By David Attenborough
Published: 24 May 2006

I was sceptical about climate change. I was cautious about crying wolf. I am always cautious about crying wolf. I think conservationists have to be careful in saying things are catastrophic when, in fact, they are less than catastrophic.

I have seen my job at the BBC as a presenter to produce programmes about natural history, just as the Natural History Museum would be interested in showing a range of birds of paradise - that's the sort of thing I've been doing. And in almost every big series I've made, the most recent one being Planet Earth, I've ended up by talking about the future, and possible dangers. But, with climate change, I was sceptical. That is true.

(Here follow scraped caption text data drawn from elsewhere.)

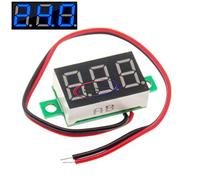 5pcs 0.36? 2 alambres Mini Digital LED Voltímetro Display 4.5V-32V Medidor Tester con protección de polaridad inversa y medición de presión precisa medidor de voltaje amarillo rojo, verde azul (azul)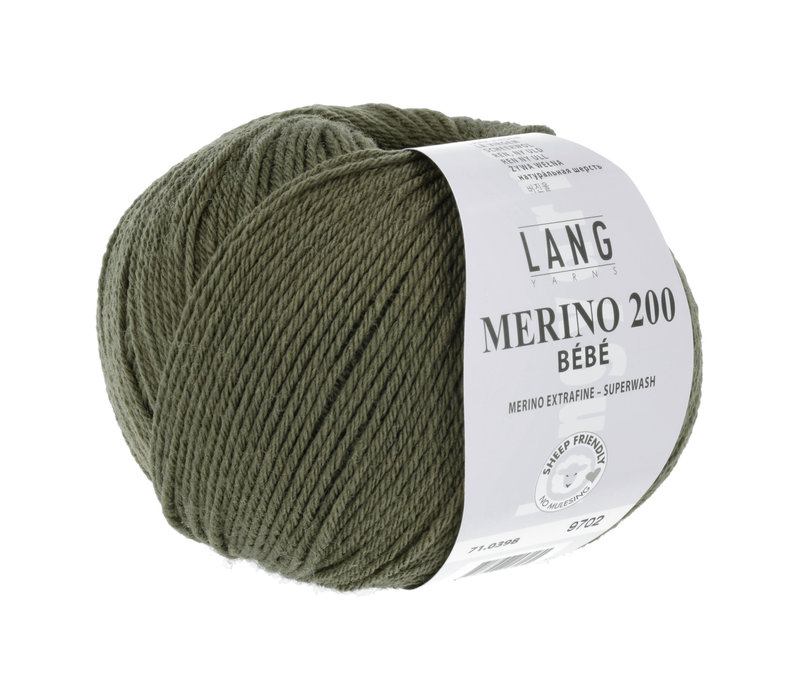 Lang Yarns Merino 200 Bebe - 398 - Groen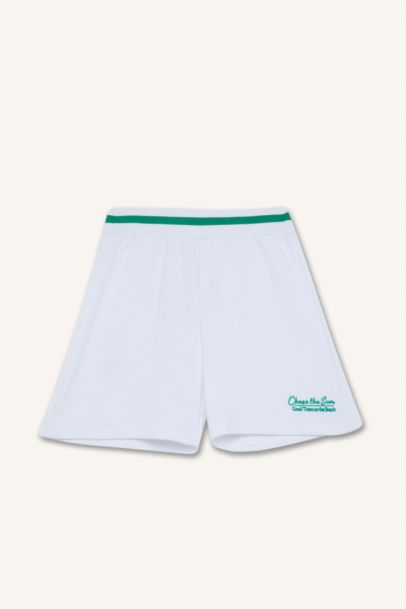 Baskılı Beli Lastikli Şort Kız Çocuk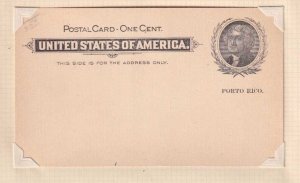 PUERTO RICO UX1 POSTAL CARD MINT NEVER HINGED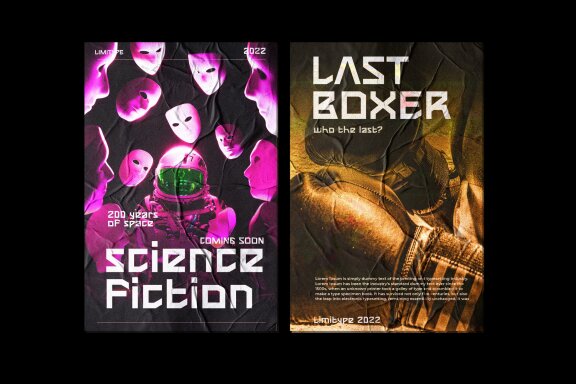 Teroxia - Robotic Font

Also, I'm not a chemist or a climatologist or a meteorologist; it isn't for me to suddenly stand up and say I have decided the climate is changing. That's not my expertise. The television gives you an unfair and unjustified prominence but just because your face is on the telly doesn't mean you're an expert on meteorology.

But I'm no longer sceptical. Now I do not have any doubt at all. I think climate change is the major challenge facing the world. I have waited until the proof was conclusive that it was humanity changing the climate. The thing that really convinced me was the graphs connecting the increase of carbon dioxide in the environment and the rise in temperature, with the growth of human population and industrialisation. The coincidence of the curves made it perfectly clear we have left the period of natural climatic oscillation behind and have begun on a steep curve, in terms of temperature rise, beyond anything in terms of increases that we have seen over many thousands of years.

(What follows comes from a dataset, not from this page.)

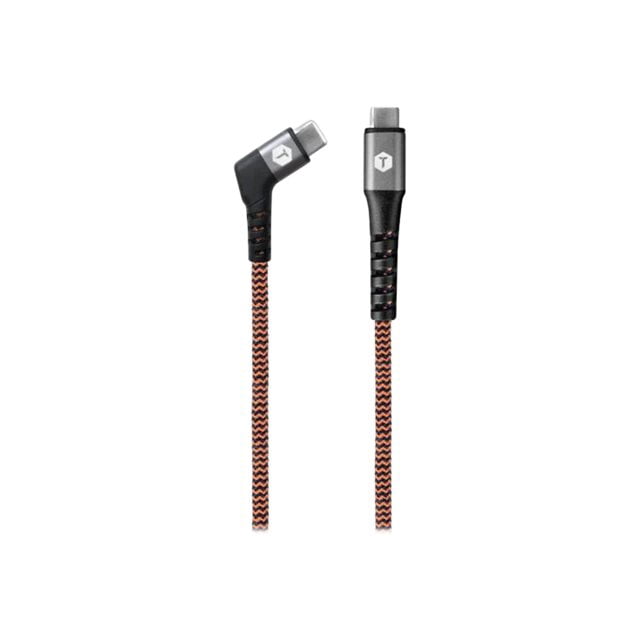 Tough Tested - USB cable - USB (M) to Micro-USB Type B (M) angled - 2.4 A - 6 ft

People say, everything will be all right in the end. But it's not the case. We may be facing major disasters on a global scale.

I have seen the ice melting. I have been to parts of Patagonia and heard people say: "That's where the glacier was 10 years ago - and that's where it is today." The most dramatic evidence I have seen was New Orleans, after Hurricane Katrina. Was that climate-change induced, out of the ordinary? Certainly so. Everyone who does any cooking knows that if you want to increase a chemical reaction, you put it on the stove and heat it up. If you increase the temperature of the oceans, above which there are swirling currents of air, you will increase the energy in the air currents. It's not a mystery.

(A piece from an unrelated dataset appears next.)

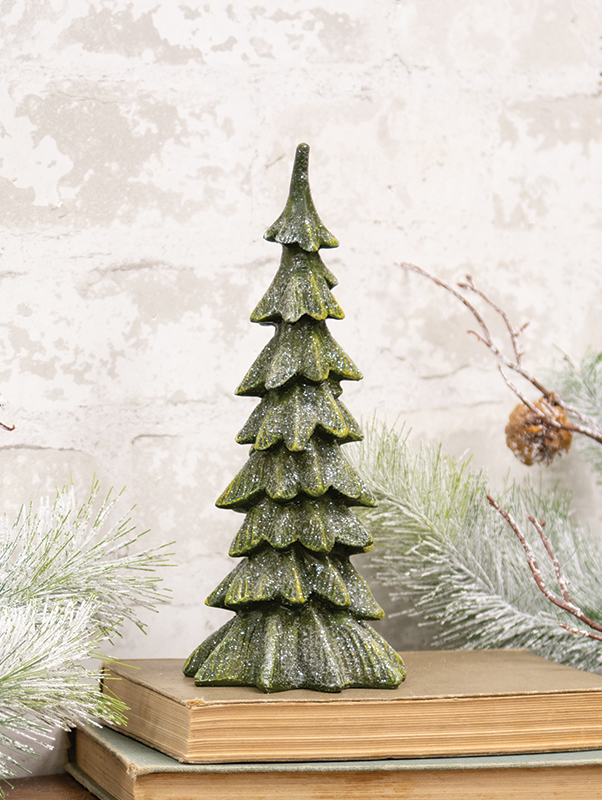 Resin Glittered Christmas Tree - 8"H Resin Glittered Christmas Tree - 8"H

So it's true to say these programmes about climate change are different, in that previously I have made programmes about natural history, and now you could say I have an engaged stance. The first is about the fact that there is climate change and that it is human-induced. I'm well aware that people say it's all a fuss about nothing, and even if it is getting warmer, it's nothing to do with us. So I'm glad that the BBC wanted some clear statement of the evidence as to why these two things are the case.

The second programme says, these are some of the changes that are now almost inevitable, these are the sorts of things that the nations of the world have to do, to forestall the worst. Will they do it? Who knows? And many people feel helpless.

Yet the fact of the matter is, I was brought up as boy during the war and, during the war, we actually regarded it as immoral, wrong, to leave food on your plate, you needed to eat what was on your plate because we didn't have enough. I feel in the same way that it is wrong to waste energy now, and if that sort of sea change in moral attitude were to spread amongst the world's population, it would make a difference.

During the past 50 years, I have been lucky enough to spend my time travelling around the world looking at its wonders and its splendours. I have seen many changes, some good many bad.

But it's only in the past decade that I have come to think about the question of whether or not what I, or anybody else, has been doing, could have contributed to the change in the climate of the planet that is undoubtedly taking place. When I was a boy in the 1930s, the carbon dioxide level was still below 300 parts per million. This year, it reached 382, the highest figure for hundreds of thousands of years.

I'm 80 now. It's not that I think, like any old man, that change is wrong. I recognise that the world has always changed. I know that. But the point is, it's changing more extremely and swiftly than at any time in the past several million years. And one of the things I don't want to do is to look at my grandchildren and hear them say: "Grandfather, you knew it was happening - and you did nothing."

I was sceptical about climate change. I was cautious about crying wolf. I am always cautious about crying wolf. I think conservationists have to be careful in saying things are catastrophic when, in fact, they are less than catastrophic.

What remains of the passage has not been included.